Dengan keluasan pengetahuan agama mereka, keshalihan dan sikap
hidup mereka yang diliputi kezuhudan, membuat para pengagum mereka tertarik
untuk mengikuti dan meneladaninya. Ajaran yang mereka sampaikan menjadi pelita
hati dan penerang jiwa bagi pengikutnya dalam rangka mendekatkan diri mereka
kepada Tuhan. Pengamalan ajaran tasawuf bagi mereka terasa sangat nikmat tiada
tara bandingannya.
Salah satu seorang tokoh sufi yang pemikirannya sangat mengagumkan
yaitu Ibnu ‘Arabi. Agar kita semua bisa lebih tahu tentang Tokoh sufi ini, maka
dalam makalah ini, penulis akan membahas tentang tokoh tersebut beserta
pemikiran wahdatul wujud nya. Dengan rumusan masalah sebagai berikut :
1)
Bagaimana
biografi singkat Ibnu ‘Arobi ?
2)
Apa saja
karya-karya yang telah di hasilkannya ?
3)
Bagaimana
pemikiran Tasawuf Falsafi Ibnu ‘Arabi tentang Wahdatul Wujud ?
B.
Biografi dan
Karya-Karya
Nama
lengkapnya adalah Syaikh Abu Bakar Muhammad Muhyiddin al-Hatimi at-Ta’I
al-Andalusi. Di Andalusia (Barat) dia dikenal dengan nama Ibnu ‘Arabi, tanpa
alif lam (bukan Ibnu al-‘Arabi). Namanya biasa disebut tanpa al untuk
membedakannya dengan Abu Bakar Ibn Al-Arabi, seorang qadhi dari Sevilla yang
wafat tahun 543 H. Di samping, itu dia
biasa juga disebut dengan al-Qutb, al-Gaus, al-Syaih al-Akbar,atau Ibrit al-Ahmar.
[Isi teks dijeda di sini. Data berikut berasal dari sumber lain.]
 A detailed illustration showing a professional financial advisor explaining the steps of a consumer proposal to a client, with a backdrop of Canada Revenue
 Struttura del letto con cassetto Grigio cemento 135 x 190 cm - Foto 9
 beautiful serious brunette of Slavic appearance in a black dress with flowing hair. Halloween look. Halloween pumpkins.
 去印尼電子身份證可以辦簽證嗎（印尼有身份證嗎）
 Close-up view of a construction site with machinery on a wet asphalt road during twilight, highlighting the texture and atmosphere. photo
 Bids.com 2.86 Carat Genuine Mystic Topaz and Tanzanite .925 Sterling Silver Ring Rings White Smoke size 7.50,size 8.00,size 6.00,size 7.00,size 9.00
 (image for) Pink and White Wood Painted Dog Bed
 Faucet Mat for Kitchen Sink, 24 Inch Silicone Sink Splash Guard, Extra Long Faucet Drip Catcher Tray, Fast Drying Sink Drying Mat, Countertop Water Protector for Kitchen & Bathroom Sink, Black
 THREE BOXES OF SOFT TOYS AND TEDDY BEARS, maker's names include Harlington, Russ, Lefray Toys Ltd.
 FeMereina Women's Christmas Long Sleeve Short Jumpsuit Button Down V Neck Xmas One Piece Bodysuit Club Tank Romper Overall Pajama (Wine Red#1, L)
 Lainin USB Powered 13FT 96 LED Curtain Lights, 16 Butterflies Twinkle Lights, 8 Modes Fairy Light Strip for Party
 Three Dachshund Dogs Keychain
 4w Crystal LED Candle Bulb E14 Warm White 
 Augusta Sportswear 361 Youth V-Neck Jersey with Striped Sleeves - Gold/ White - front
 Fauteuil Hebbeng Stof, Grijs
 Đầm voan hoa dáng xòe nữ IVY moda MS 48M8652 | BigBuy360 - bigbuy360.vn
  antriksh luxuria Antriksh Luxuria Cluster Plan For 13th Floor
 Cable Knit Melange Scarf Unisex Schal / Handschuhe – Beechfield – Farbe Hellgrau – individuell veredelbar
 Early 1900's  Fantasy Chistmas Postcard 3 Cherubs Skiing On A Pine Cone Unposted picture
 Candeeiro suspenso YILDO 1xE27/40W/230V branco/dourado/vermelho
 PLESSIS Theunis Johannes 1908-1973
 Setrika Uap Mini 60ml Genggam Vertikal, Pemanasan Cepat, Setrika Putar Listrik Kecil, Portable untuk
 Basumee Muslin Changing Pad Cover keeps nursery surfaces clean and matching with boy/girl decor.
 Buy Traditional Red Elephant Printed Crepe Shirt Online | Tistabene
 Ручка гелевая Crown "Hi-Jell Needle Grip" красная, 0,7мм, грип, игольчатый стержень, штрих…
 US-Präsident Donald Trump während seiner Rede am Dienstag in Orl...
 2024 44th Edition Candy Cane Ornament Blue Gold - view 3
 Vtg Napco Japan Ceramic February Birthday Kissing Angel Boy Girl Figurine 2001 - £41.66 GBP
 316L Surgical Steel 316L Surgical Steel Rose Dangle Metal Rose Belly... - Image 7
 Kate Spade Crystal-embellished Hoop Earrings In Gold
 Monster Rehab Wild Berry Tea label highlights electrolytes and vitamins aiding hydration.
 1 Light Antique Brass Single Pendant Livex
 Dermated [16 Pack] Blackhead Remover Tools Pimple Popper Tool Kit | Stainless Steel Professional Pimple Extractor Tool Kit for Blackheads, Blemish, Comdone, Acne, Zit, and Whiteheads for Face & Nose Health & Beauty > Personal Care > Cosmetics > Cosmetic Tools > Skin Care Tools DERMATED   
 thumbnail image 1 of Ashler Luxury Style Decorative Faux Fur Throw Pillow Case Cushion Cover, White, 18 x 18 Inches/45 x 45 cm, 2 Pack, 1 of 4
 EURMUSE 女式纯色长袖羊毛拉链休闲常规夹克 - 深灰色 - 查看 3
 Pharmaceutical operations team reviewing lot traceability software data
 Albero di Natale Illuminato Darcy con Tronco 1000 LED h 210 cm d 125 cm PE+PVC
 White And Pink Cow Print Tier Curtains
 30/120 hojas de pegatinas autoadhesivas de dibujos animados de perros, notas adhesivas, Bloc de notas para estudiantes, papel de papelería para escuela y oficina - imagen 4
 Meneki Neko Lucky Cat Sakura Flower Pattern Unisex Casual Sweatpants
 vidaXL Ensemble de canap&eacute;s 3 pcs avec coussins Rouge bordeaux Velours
Dia lahir pada tanggal 17 Ramadhan tahun 560 H/ 28 Juli 1163 M.[1]
Ibnu ‘Arabi
mempelajari al-Qur’an, Hadis, serta fiqih pada sejumlah murid seorang faqih
Andalusia terkenal, yaitu Ibnu Hazm Azh-Zhahiri. Setelah berusia 30 tahun, ia
mulai berkelana ke berbagai kawasan Andalusia dan kawasan Islam bagian Barat.
Di antara guru-gurunya, tercatat nama-nama, seperti Abu Madyan al-Ghauts,
at-Talimsari dan Yasmin Musyaniyah (seorang wali dari kalangan wanita).
Keduanya banyak mempengaruhi ajaran-ajaran Ibnu ‘Arabi. Dikabarkan ia pun
pernah berjumpa dengan Ibnu Rusyd filosof muslim dan tabib istana dinasti
Berbar dari Alomohad, di Kordova. Ia juga dikabarkanmengunjungi al-Mariyyah
yang menjadi pusat madrasah Ibnu Masarrah, seorang sufi falsafi yang cukup berpengaruh
dan memperoleh banyak pengaruh di Andalusia.[2]
Kemudian selama
beberapa waktu ia pergi bolak-balik atau pulang pergi antara Hijaz, Yaman,
Syiria, Irak dan Mesir. Akhirnya pada tahun 620 H, dia menetap di Hijaz, hingga
akhir hayatnya.[3]
Ibnu ‘Arabi wafat pada tahun 638 H di Damaskus, makamnya terletak di gunung
Qayisun di Syiria. Sampai sekarang makam sang Syaih ini masih sering di ziarahi
orang. Makam syaih Ibnu ‘Arabi dibangun di kompleks masjid oleh Sulthan Salim.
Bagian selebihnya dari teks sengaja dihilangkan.